Beyond the existence of God as the knowing Mind, Rashdall argues for God as the willing Cause of the universe, drawing on the experience of volition in human consciousness as the only known cause of change. He explores the difficulties of reconciling divine omnipotence with the existence of evil, suggesting that God’s power is limited by logical necessities inherent in His own nature.

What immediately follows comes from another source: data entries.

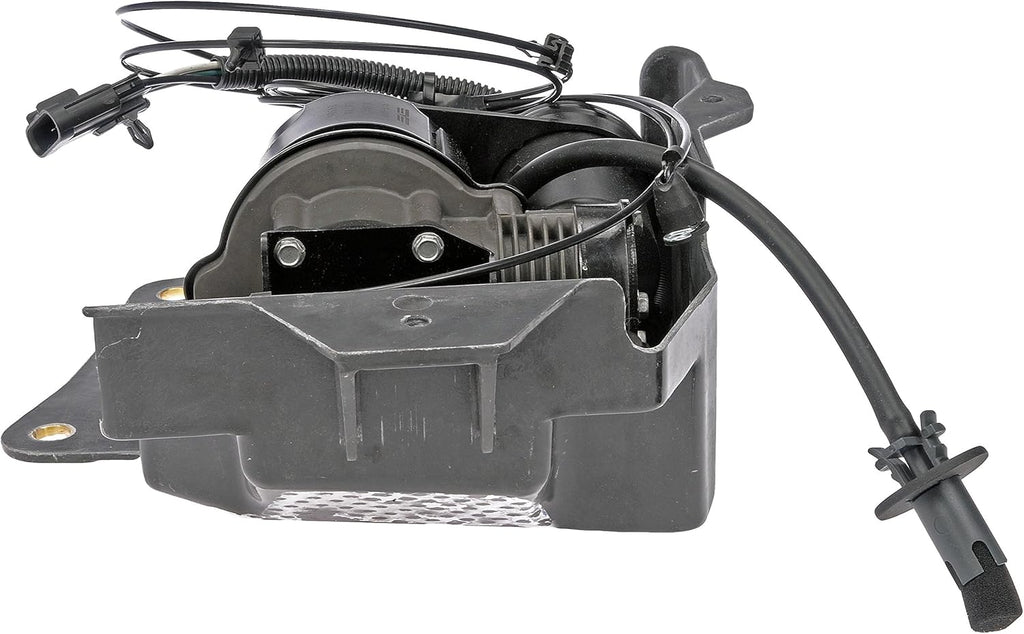 Air Suspension Compressor J252
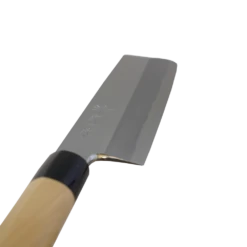 SAKAI KIKUMORI (GOKUJYO) 195mm Usuba -Phillip and Lea Store Usuba 195mm L side adj db7423c8 af7c 49c0 881c f8762fbd995b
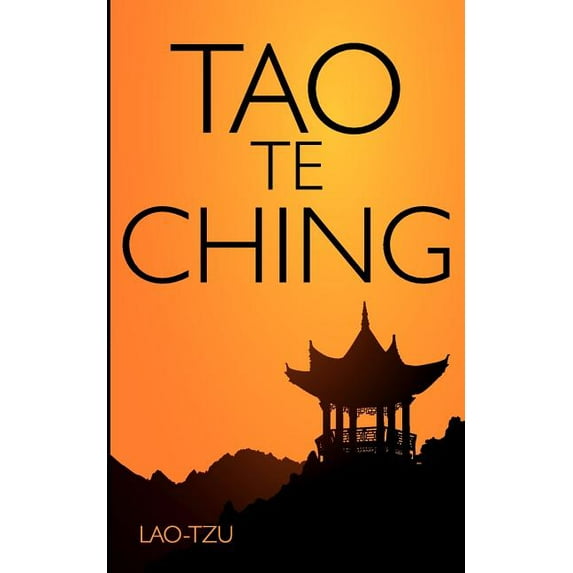 Tao Te Ching, (Paperback)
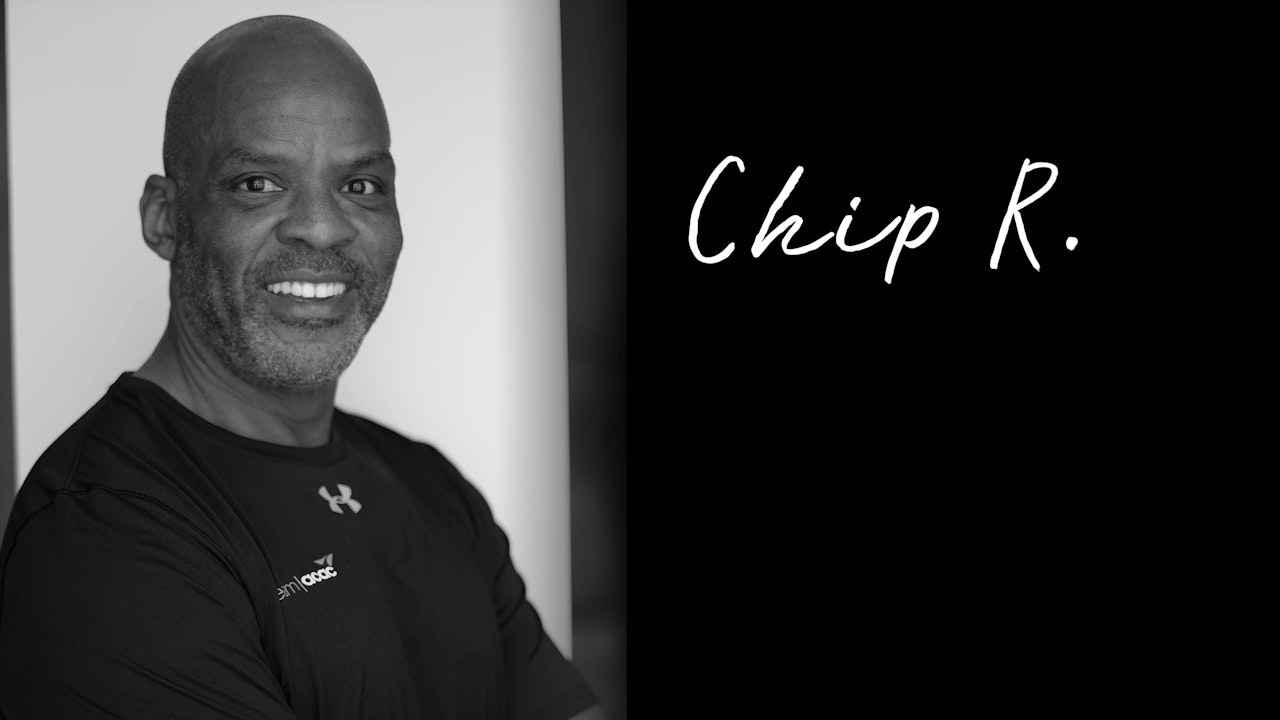 Instructor Highlight: Chip R.
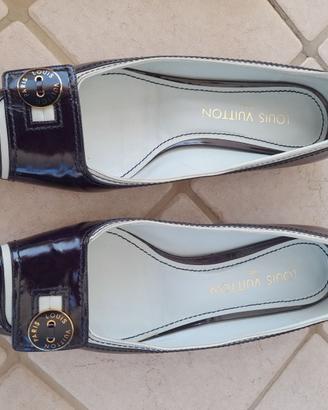 Ballerine Louis Vuitton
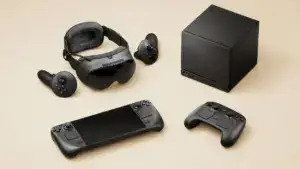 Steam Machine Steam Frame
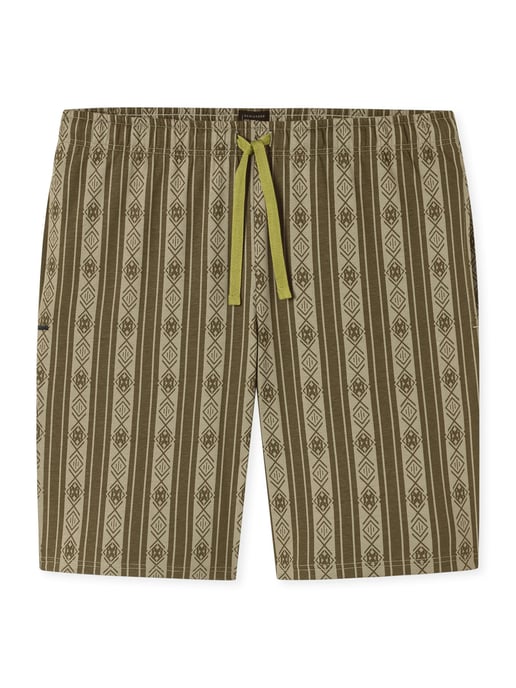 Schiesser Hombres Pantalones de pijama Mix Relax - Image 1
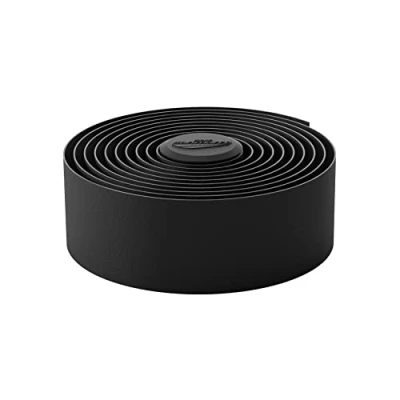 Image of Selle San Marco Presa Corsa Dynamic Bar Tape Black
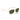 Ray-Ban Okulary Przeciwsłoneczne RB3746 001/31 Złoto/Zielony G-15 Unisex 4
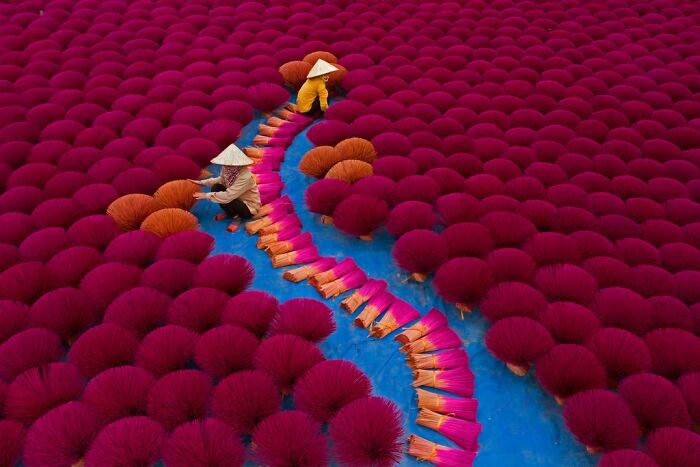 Incense Factory Magic By Azim Khan Ronnie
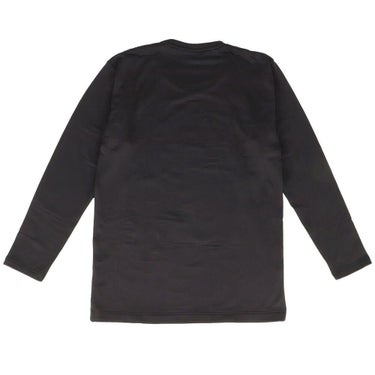 B.V.D. メンズ 瞬暖 クルーネック長袖Tシャツ GR097BPS　詳細3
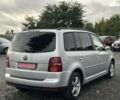 Фольксваген Туран, об'ємом двигуна 1.6 л та пробігом 228 тис. км за 8000 $, фото 13 на Automoto.ua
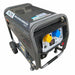 PACINI Pacini Diesel 180amp Welder Generator 6KVA LDW180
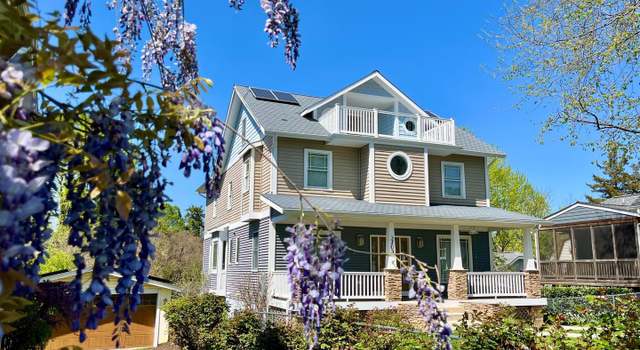 Photo of 3703 7th St S, Arlington, VA 22204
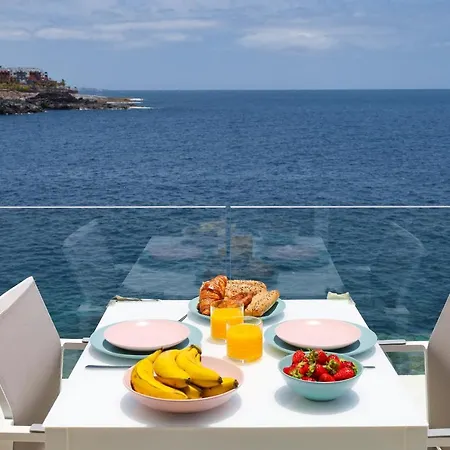 Sleep On The Sea Appartement Callao Salvaje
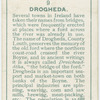 Drogheda, Droichead-Átha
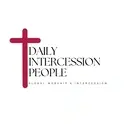 Logo of Daily Intercession People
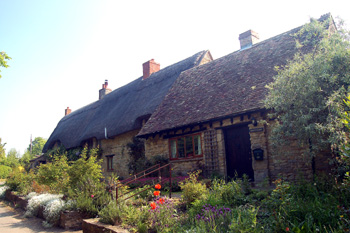 50-52 Church Lane May 2008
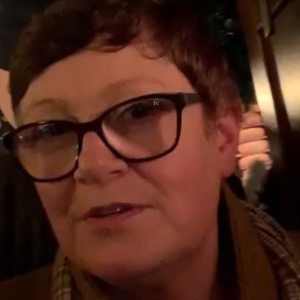 Profilbild von Andrea Troyke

Finally, Rashdall addresses the nature of revelation, arguing that all truth, especially moral and spiritual truth, can be seen as revealed, with degrees of revelation culminating in figures like Jesus Christ.

Key Findings:

  • Matter cannot exist without mind. Rashdall’s analysis of both secondary and primary qualities demonstrates that our understanding of matter is inherently dependent on a perceiving mind.
  • The world is caused by a rational Will. Rashdall draws on the human experience of volition to argue for a God who not only thinks the world but also actively wills it into being.
  • The moral consciousness reveals the character of God. Rashdall contends that our moral judgements, as self-evident truths, offer the only true insight into the goodness and purpose of God.
  • Christianity occupies a unique position among religions. It combines ethical monotheism with a belief in personal immortality and a morality based on universal love, truths that align with philosophical reasoning.


  • The reader will learn about the limitations of materialism. By examining the qualities of matter and their inherent dependence on mind, the reader will understand why materialism is an untenable philosophical position.
  • The reader will gain an understanding of the nature of causality. Rashdall’s explanation of causality as rooted in activity, as opposed to mere succession, will provide a clearer understanding of the concept and its theological implications.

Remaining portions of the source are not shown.